Professor Paul Pavlou in a forthcoming study challenges the prevalent assumption that trust and risk are always influential on transaction decisions, and that there is always a need to build trust and reduce risk irrespective of context. The study specifies the boundaries of trust and risk on transaction activity in the context of the two largest online marketplaces, Amazon and eBay.
The study shows that the effects of trust and risk are actually only important in a rather narrow window where the institutional structures are moderately effective, while the effects of trust and risk are insignificant for both very effective or very ineffective institutional structures. This quadratic (“Inverted-U”) pattern suggests that the literature may have over-emphasized the role of trust and risk and ignored the role of the marketplace’s institutional context.

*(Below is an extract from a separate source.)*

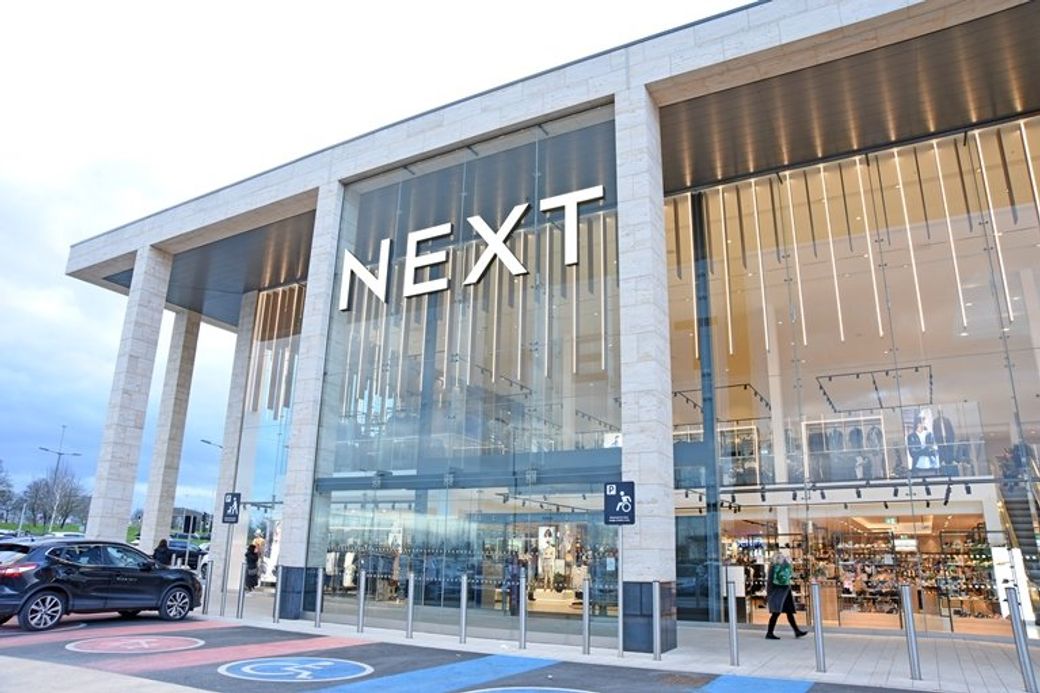 The image shows the exterior of a NEXT retail store with modern architectural features. The store is prominently displayed with large glass windows and a clean design, reflecting a contemporary shopping environment.
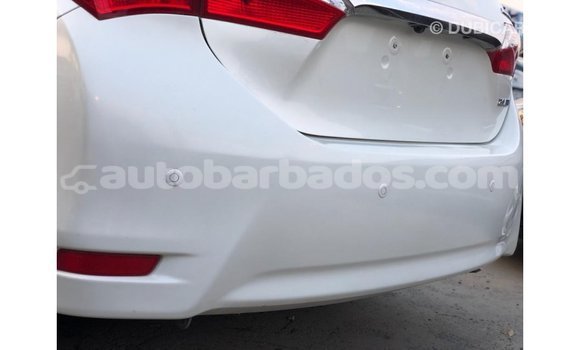 Buy Import Toyota Corolla White Car in Import - Dubai in Barbados Buy Import Toyota Corolla White Car in Import - Dubai in Barbados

From a practical sense, by ignoring the trade-off in the design of institutional structures to optimize the effects of trust and risk, the results suggest that online marketplaces may have over-invested in institutional structures to build trust and reduce risk.
By specifying the boundaries of trust and risk, this study aims at sensitizing managers about the trade-offs in the design of institutional structures in online marketplaces.
The article (co-authored with David Gefen) titled “The Boundaries of Trust and Risk: The Quadratic Moderating Role of Institutional Structures” has been accepted for publication in Information Systems Research (ISR).